Yesterday was my first Career Cruising event for the Future Ready with the Library Project and I want to share my experience. This event was held at a local bank from 9:00 am – 3:00pm. We had 17 teens pre-registered and 12 showed up. There were seven males and five females ranging in age from 11-16. Everyone that showed up on time was entered to win a gift card and then we did a drawing and talked about why it was important to arrive on time. The entire morning was spent in small groups rotating through different areas of the bank. The teens worked the teller line and assisted the tellers help customers while learning how they count money, roll coins, and balance their registers. The second station was the loan department. Teens were given loan applications and got to decide what they would like take an imaginary loan out for and went through the process while learning about what a loan officer does. The next station was the bank’s boardroom where they learned about the Board of Directors and important decisions they are required to make. Lastly the teens went to the new accounts department where they learned what they needed to set up a bank account, how to write a check, and viewed safety deposit boxes
At lunch the bank set up a restaurant with linens, plates and multiple utensils. The teens were asked to sit with someone they did not know. They introduced themselves and learned a little bit about how to initiate conversation and the types of questions they might ask if they were at a business lunch or any meal where they did not know anyone. After lunch we divided into groups – boys and girls – to chat about what to wear if for a job interview at the bank. I had a bunch of magazines and I sat with the girls and flipped through looking for outfits we liked and thought were appropriate for a job interview. We also chatted about personal style and why we picked certain outfits and that if they are unsure, it is okay to ask employers what their dress code is and that it differs from place to place. With five girls, this activity was amazing. It was relaxed and fun and they really opened up to us. The boys went with Bryan, the bank Vice President, and learned about what he would wear to work and why. He brought all of the boys ties they could take home and taught them how to tie them. To my surprise, this activity ended up being a favorite for the boys.

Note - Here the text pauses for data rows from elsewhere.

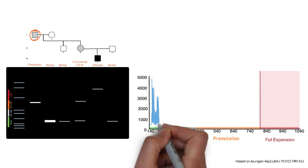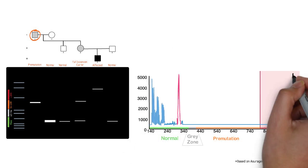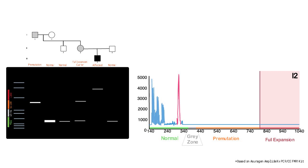This next electropherogram depicts a typical output for a normal female. There is a small ladder present, however, the peaks are confined to the green zone of fewer than 44 repeats. The largest peak stems from the standard forward and reverse primer amplifying the full repeat region.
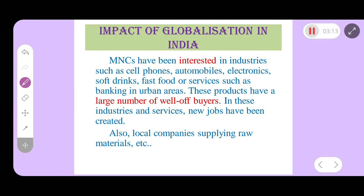Regarding the impact of globalization in India, MNCs have been interested in industries such as cellphones, automobiles, electronics, soft drinks like Coca-Cola and PepsiCo, fast food like pizza and burgers, and services such as banking in urban areas. These products have a large number of well-off buyers, making them attractive for MNC investment in India.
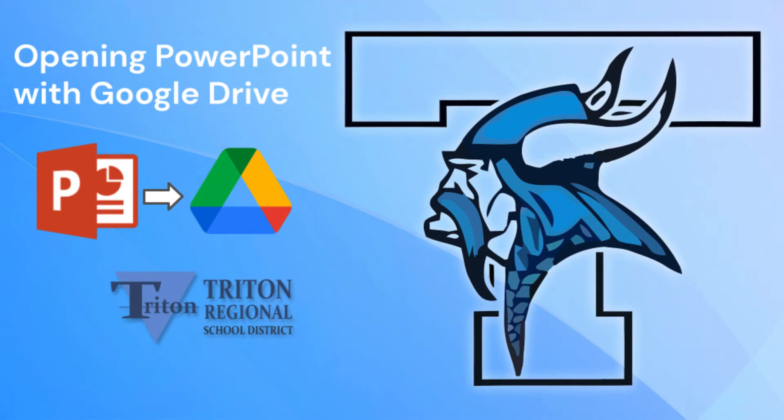This is Greg Kulowick with the Triton Regional Schools Technology Department, and in this video walkthrough, we will demonstrate how to open up PowerPoint files with Google Drive.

As the day went on we realized despite having an agenda for the day we were left with time, (Almost an additional hour to be exact.) This was slightly terrifying but we made it work. Bank staff printed out their job applications and the HR manager walked the teens through each section and chatted about skills and how to include skills even with no previous formal job experience. The bank President then reviewed the applications and picked the two she would call for an interview. These two were each given gift cards.
Next, a recent high school graduate came and talked to the teens. He participated in a work study program in high school and worked at the bank. He still works at the bank part time while attending a local community college. The recent high school graduate talked to the teens about his experience and what he’s learned.
A check of the clock proved that we still had more time! I dug in my bag of tricks and pulled out a game that I purchased for the worst-case scenario. TableTopics for the win! The teens actually loved answering the questions and we got really in depth answers. At last, 3:00 pm arrived.
Reflection on the Day
A six-hour day with teens was hard but was probably one of the most rewarding things I have done in my career so far. I am excited and amazed that the bank is ready for round two next year and feels passionate about continuing to work with teens. For the most part, it went smoothly but we did have two very difficult teens. One that was unfortunately mean to other teens and that had to be addressed on multiple occasions. This also led me to wonder what strategies others use in these situations? I do not want to come off as a parent or teacher figure but bullying and teasing behavior is unacceptable. I had to speak with this teen once about personal space and being nice and the bank VP had to as well.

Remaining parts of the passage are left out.